Chapter 28
By June of ’43 when Larry went down to spend another weekend with Arthur in Washington, the output of heavy bombers was beginning to outnumber submarine sinkings; Eisenhower had met in Algiers with De Gaulle; the military establishment at Pantelleria had been bombed out, and Italy’s supply system in the South was cracking. Invasion was expected any day, and people waited, content to read about B-17s grounded by weather in England, tolerant of the coal strike at home, sure that Jimmy Byrnes, head of the new O.W.M., and kingpin of Washington production czars, would soon have materials rolling to the invasion troops.
The night before Larry left New York, Bessie complained about his going. “I hope you don’t have to make many more trips down there,” she said petulantly.
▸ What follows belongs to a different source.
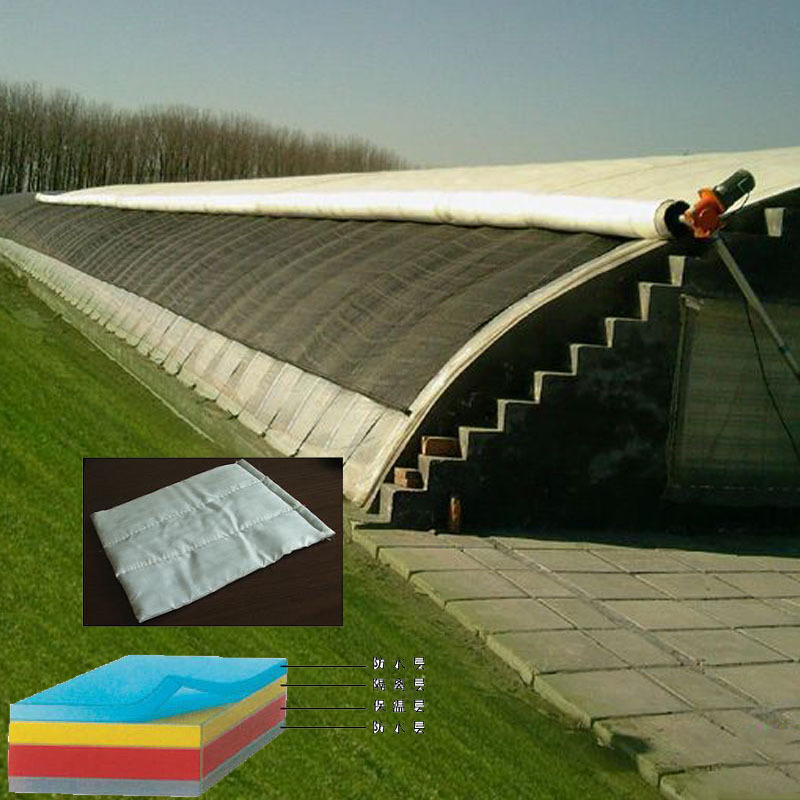 大棚保温被保温棉保温毡温室大棚保温降温保湿普通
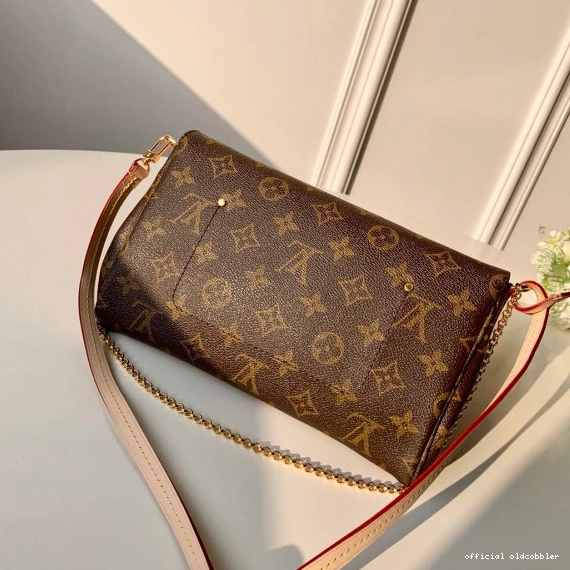 Official oldcobbler Vuitton Louis MM Favorite 0709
Larry let it pass. Liz Brett had come in for a drink during the evening to tell them about her new husband, a forty-five year old captain in the Marines. Liz, imitating the kids, had met him one week when he was home on leave and married him the next. She wanted to get out to Pearl Harbor where he was stationed, and had almost talked a theatrical producer into sending her. In return she promised him a set for a play he was doing about the Pacific. There was so much trouble, though, in clearing her papers and passport that the producer was forced finally to rely on Navy photographs for his data. While she was telling this to Larry and Bess, Liz looked around the living room and noticed a tear in one of the slipcovers. She advised Bessie not to try and order new ones until the War ended and some decent fabrics again became available.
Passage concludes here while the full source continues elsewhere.